In tv Gratteri aveva esordito dicendo che voleva citare Falcone per «sfatare questa leggenda sulla separazione delle carriere», e cioè che il giudice era favorevole, prima di leggere dal suo smartphone: «Una separazione delle carriere può andare bene se resta garantita l’autonomia e l’indipendenza del pubblico ministero ma temo che si voglia, attraverso questa separazione, subordinare la magistratura inquirente all’esecutivo. Questo è inaccettabile».
La magistratura inquirente è composta dai pubblici ministeri, i magistrati che dirigono le indagini: con la separazione delle carriere ciascun magistrato dovrebbe decidere se fare quello oppure il giudice che emette le sentenze (la magistratura giudicante) senza possibilità di passare da una categoria all’altra (cosa che adesso è possibile fare ma con molti limiti).
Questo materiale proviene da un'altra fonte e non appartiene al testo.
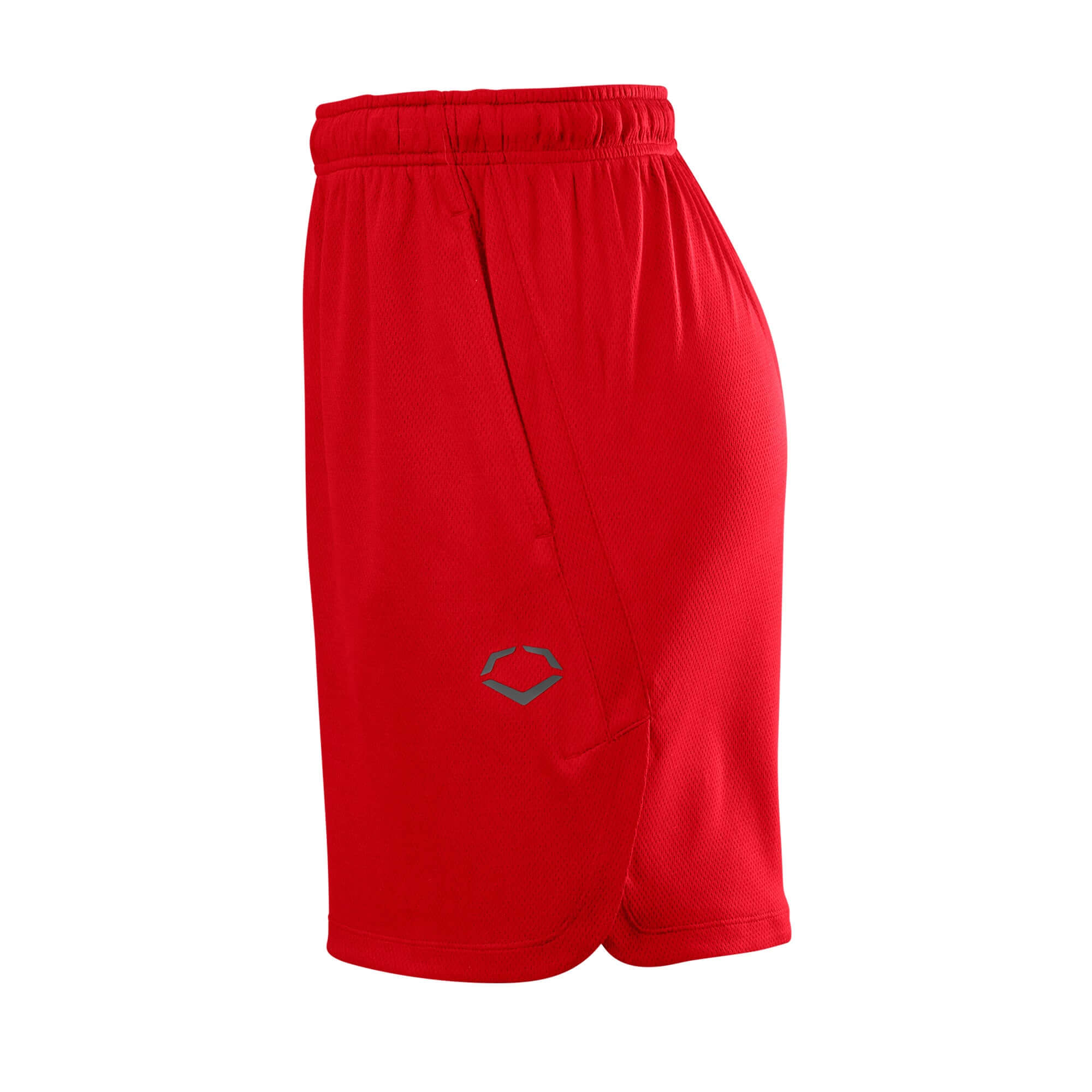 Evoshield Men's Pro Team Training Short 2.0 in scarlet red, featuring a plush waistband and side vents for comfort and breathability.
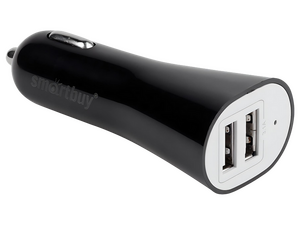 Автомобильное зарядное USB устройство ( 2 USB выхода ) SmartBuy Nova SBP-7000 , 3 A , чёрное
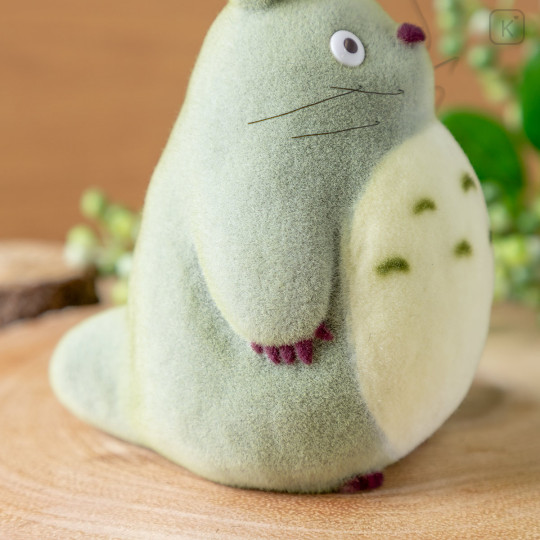 Japan Ghibli Flocked Figure - Totoro : Large Grey - 4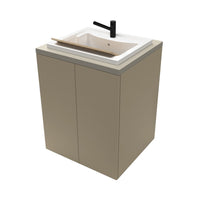 Mobile lavatoio tortora 71x65 cm con ante e vasca in resina Wanda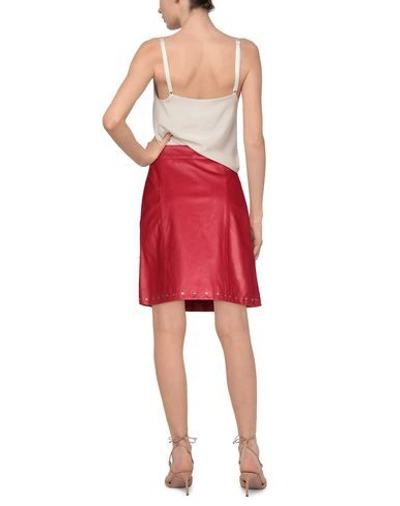 Shop Dondup Woman Midi Skirt Red Size 6 Lambskin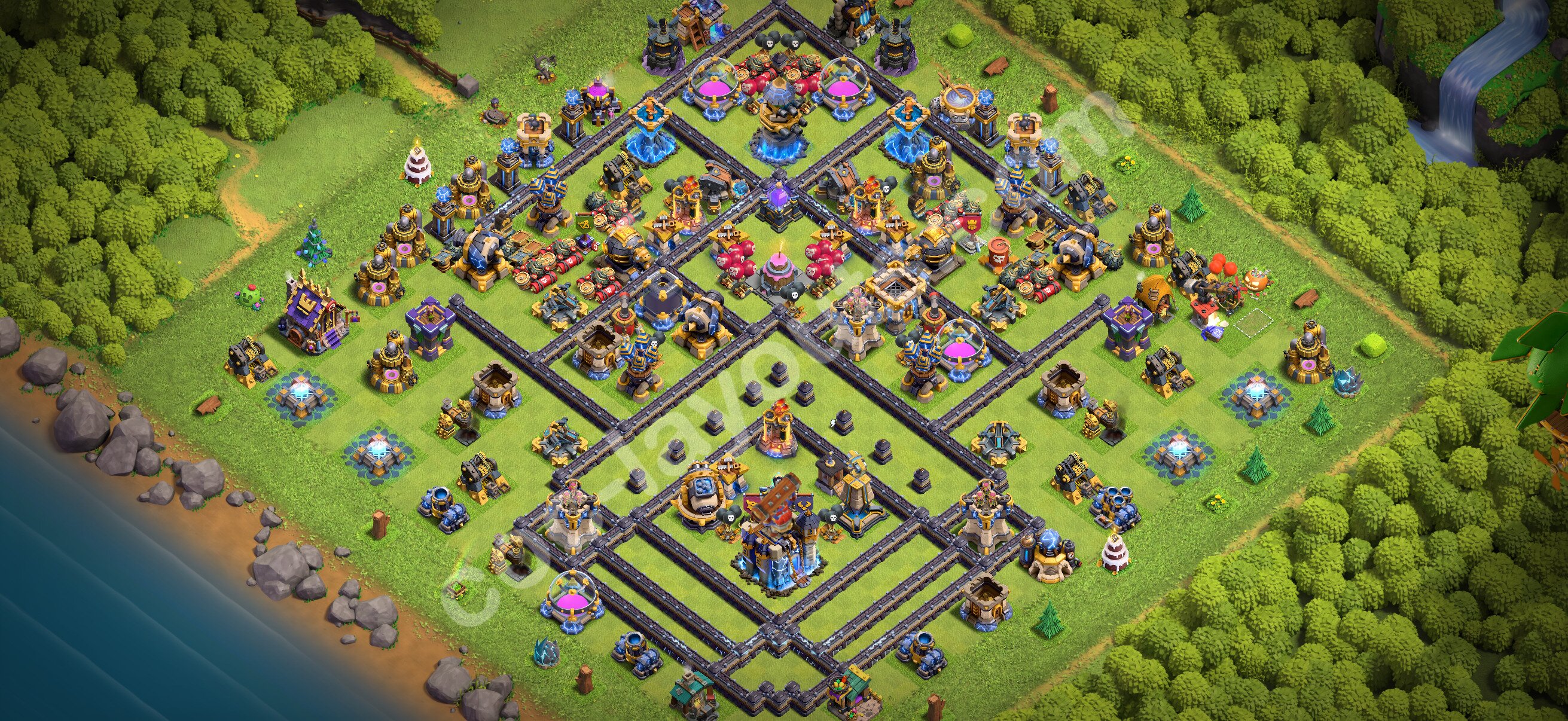 TH18 Hybrid Base #99 – TH18 layout preview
Secondo chi è contrario alla norma, come Gratteri, questo metterebbe in pericolo l’indipendenza della magistratura.
Gratteri ha sostenuto che fosse un’intervista del 25 gennaio 1992, di cui però non c’è traccia. È una dichiarazione falsa che viene periodicamente utilizzata, soprattutto sui social, dai contrari alla riforma e dai sostenitori della campagna per votare No al referendum. Come detto Falcone, invece, era favorevole. In una celebre intervista a Repubblica del 1991 disse per esempio: «Chi, come me, richiede che [giudici e pm] siano, invece, due figure strutturalmente differenziate nelle competenze e nella carriera, viene bollato come nemico dell’indipendenza del magistrato, un nostalgico della discrezionalità dell’azione penale, desideroso di porre il pm sotto il controllo dell’esecutivo». Cioè il contrario di quanto letto da Gratteri.